EXERCISE →
Would you please copy all of the data exactly, skipping the images?

AVAILABLE DATA →
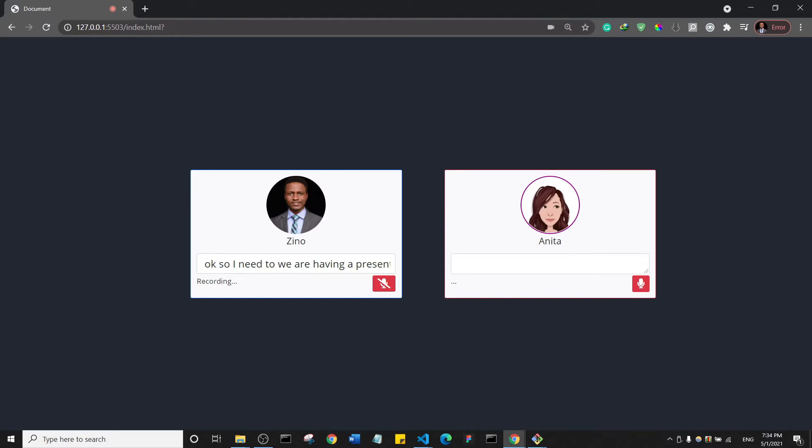Amazing, so you are built by Dr. Zeno. Do you know medicine? Yes, I do. Being built by a doctor, I know a bit about medicine.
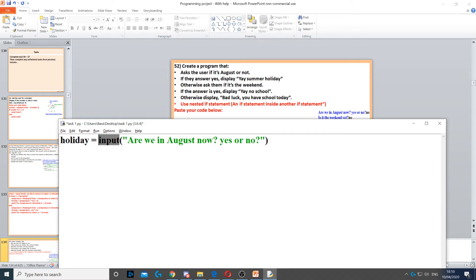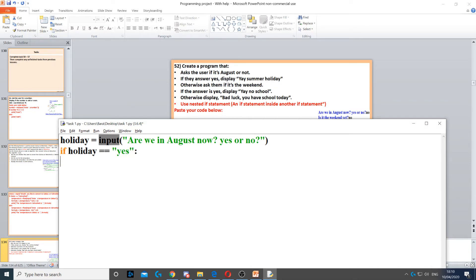yes or no. We try to get the user to type either yes or no. Then if the answer is yes, we need to display yay summer holiday. So we use an if statement here. If holiday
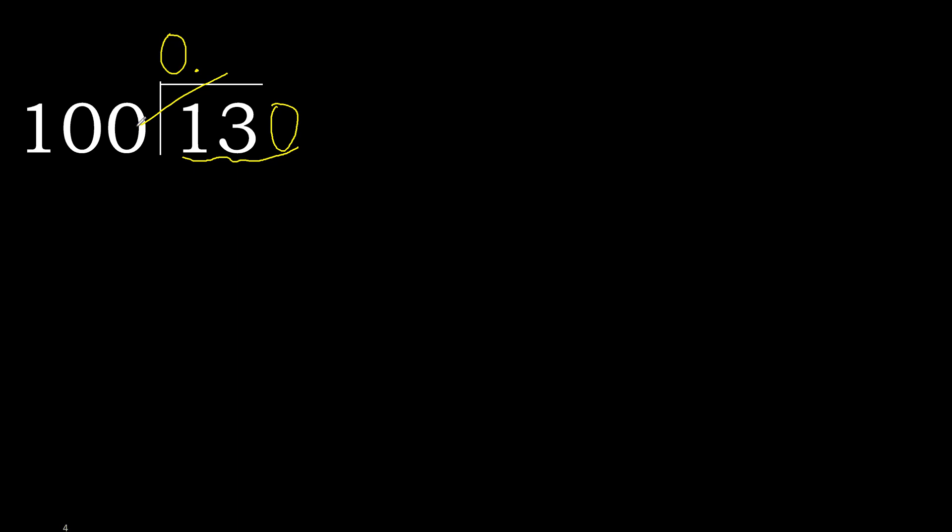100 multiplied by 2 is 200, is greater. Multiplied by 1 is 100, ok, is not greater. Subtract 30.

SOLUTION →
Amazing, so you are built by Dr. Zeno. Do you know medicine? Yes, I do. Being built by a doctor, I know a bit about medicine.
yes or no. We try to get the user to type either yes or no. Then if the answer is yes, we need to display yay summer holiday. So we use an if statement here. If holiday
100 multiplied by 2 is 200, is greater. Multiplied by 1 is 100, ok, is not greater. Subtract 30.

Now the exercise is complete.